■ TASK ITEM
This calls for a verbatim copy of all the data, with no images carried over.

■ MATERIAL PROVIDED
-------

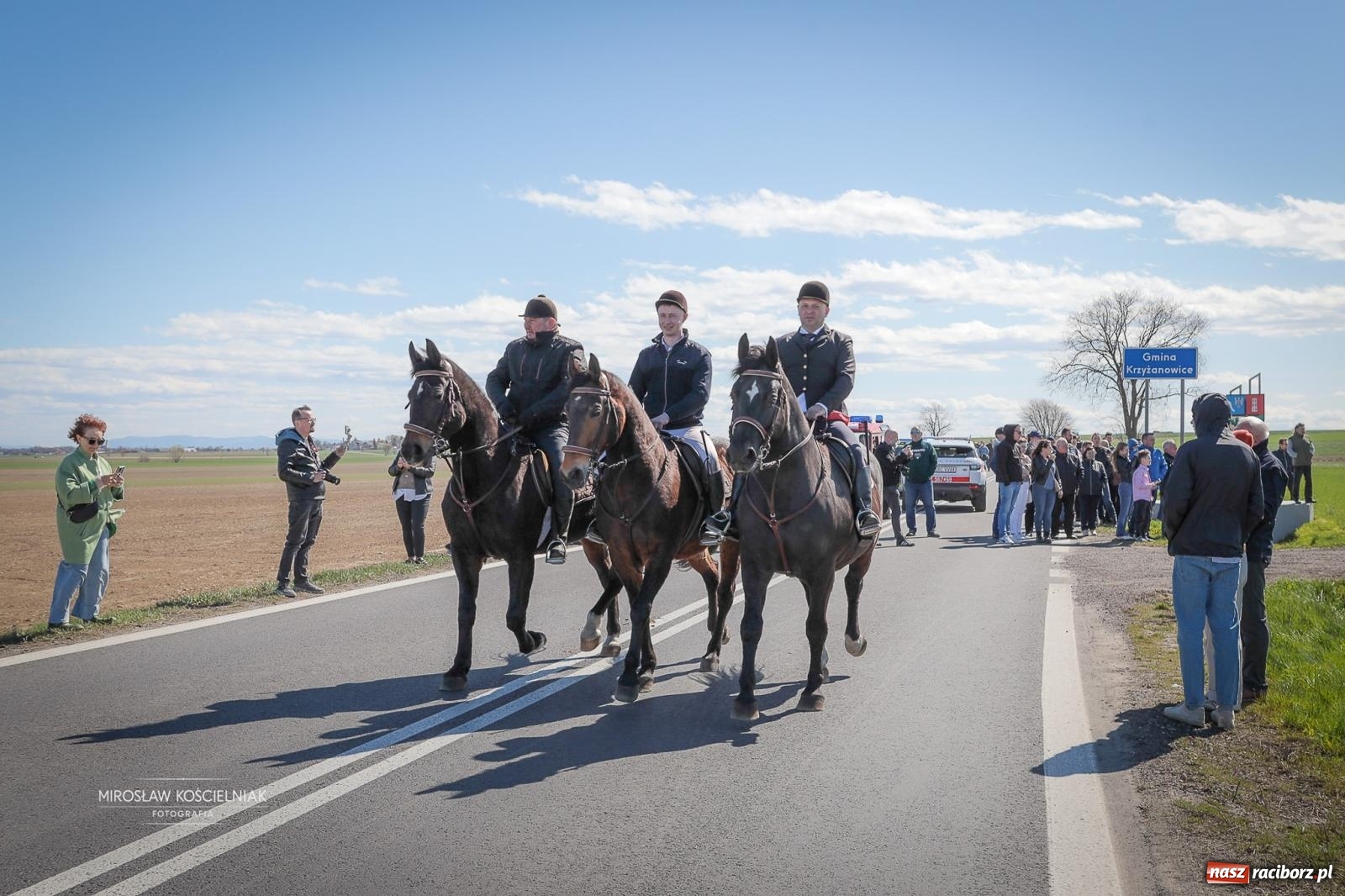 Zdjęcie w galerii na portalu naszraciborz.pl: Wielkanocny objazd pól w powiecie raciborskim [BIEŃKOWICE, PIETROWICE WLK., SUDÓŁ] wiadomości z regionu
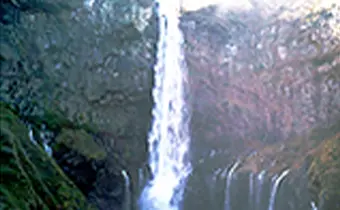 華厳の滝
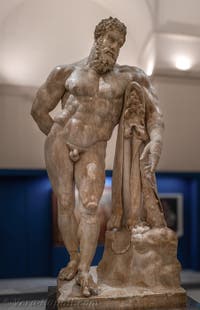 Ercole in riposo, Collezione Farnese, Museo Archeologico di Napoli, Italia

-------

■ RESULT OF THIS EXERCISE
 Zdjęcie w galerii na portalu naszraciborz.pl: Wielkanocny objazd pól w powiecie raciborskim [BIEŃKOWICE, PIETROWICE WLK., SUDÓŁ] wiadomości z regionu
 華厳の滝
 Ercole in riposo, Collezione Farnese, Museo Archeologico di Napoli, Italia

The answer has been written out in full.